The treatment of mandibular condylar fractures is still controversial, with the literature supporting either invasive or non-invasive approaches. A non-invasive approach is highly recommended, as it less traumatic for the patient, remodels the mandibular condyle, and re-establishes mandibular dynamics [1,2]. This was supported by a clinical case reported by these authors, where an 11 year-old female patient, who had a traumatic bilateral mandibular condylar fracture, was treated with a myofunctional conservative approach, which rendered a satisfactory remodeling of the mandibular condyles and the temporomandibular joint (TMJ) on both sides, with a full recovery of the mandibular dynamics, no limitation for mouth opening, and no facial asymmetry [3]. However, long-term follow up reports are not commonly found in the scientific literature. Therefore, the present report aims to present the stability of the results on that clinical case after 10 years of the treatment.

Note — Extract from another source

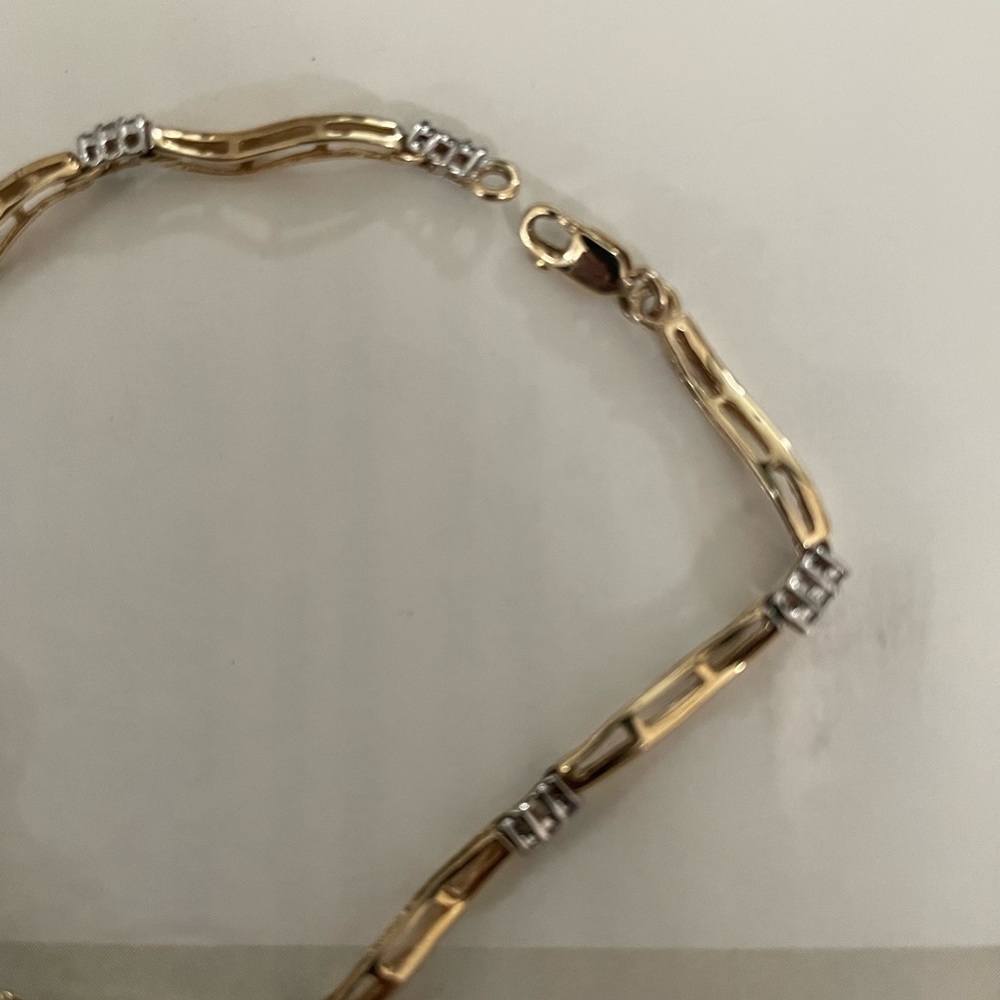 Gold and diamond bracket beautiful only worn a few times.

Briefly, the previous report showed the results of a bilateral mandibular condylar fracture in an 11 year-old female girl. The patient was successfully treated with myofunctional appliances in combination with exercises. After an initial treatment with a bionator and, later, with the Indirect Planas’ Tracks appliances. combined with exercises, the treatment leaded to a remodeling of both mandibular condyles and the re-establishment of the oral functions, which resulted in the regaining of a normal mouth opening and closing, which was severely affected by the trauma after one year of treatment. It was also reported that the remodelling of the TMJ structures took about two years when the mandibular condyle was properly sitting in the mandibular fossae. Such a situation was observed in a TMJ tomogram after 28 months of completing the treatment. The only observed consequence after the conservative myofunctional treatment was a mandibular condyle (heart-shaped) on the left side [3].

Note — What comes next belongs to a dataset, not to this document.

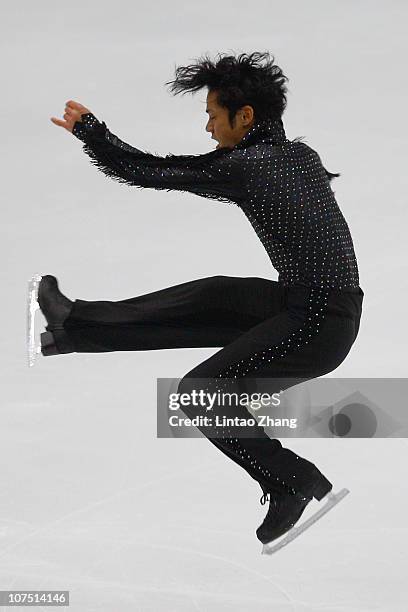 Daisuke Takahashi of Japan skates in the Men Short Program during ISU Grand Prix and Junior Grand Prix Final at Beijing Capital Gymnasium on December...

Bone modelling and remodeling occurs by the interaction of the bone cells, the osteoblasts, the osteoclasts, and the osteocytes. During that remodeling process, the osteoblasts deposit a collagen matrix, which is later mineralized, whereas the osteoclasts remove the bone tissue, which is not viable or biologically stable, and the osteocytes coordinate that response on those other bone cells [4,5,6]. This process is known as intramembranous ossification, which, in the mandibular condyle, occurs together with endochondral ossification and cartilage matrix apposition, which becomes mineralized later, at the postero-superior surface of the mandibular condyle [7,8]. These biological processes are active during all humans’ life span [5,9]. In that context, oral dysfunctions or instability on the TMJs and/or in the dental occlusion may alter the results of the treatment, producing structural or functional changes in the long-term. The authors are presenting, here, the observations after ten years of completing the myofunctional treatment. It is important to notice that the patient did not use any retention appliance during the post-treatment period, up to the preparation of this report.

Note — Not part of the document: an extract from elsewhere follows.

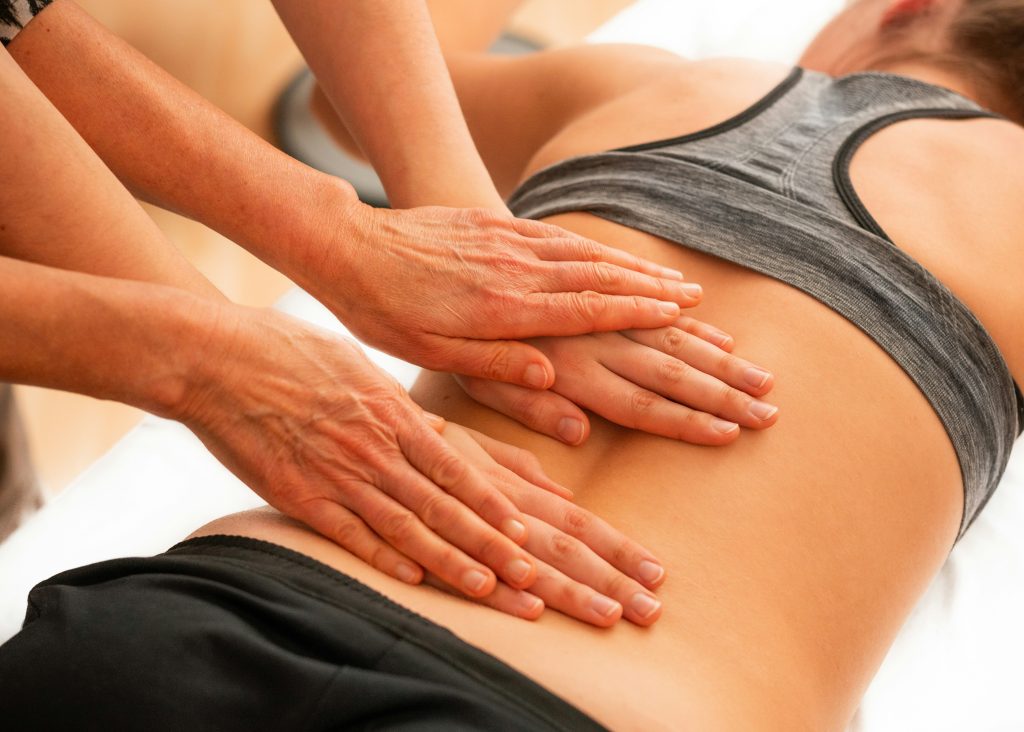 Hands-on chiropractic care on a patient's back — back pain relief without medication in Brentwood CA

To determine the stability of a treatment where structural changes are produced in the craniofacial complex, as previously reported in this clinical case, it is necessary to follow up the results for an extended period of time. As was previously reported, a clinical case that was followed-up two years after the end of the treatment may not report degenerative changes, yet, at the mandibular condyles, nor might it report clinical symptoms or mandibular dynamics limitations. [3] In this context, a long-term follow-up report is required to show the stability of the treatment and the functional dynamics of the patient at present.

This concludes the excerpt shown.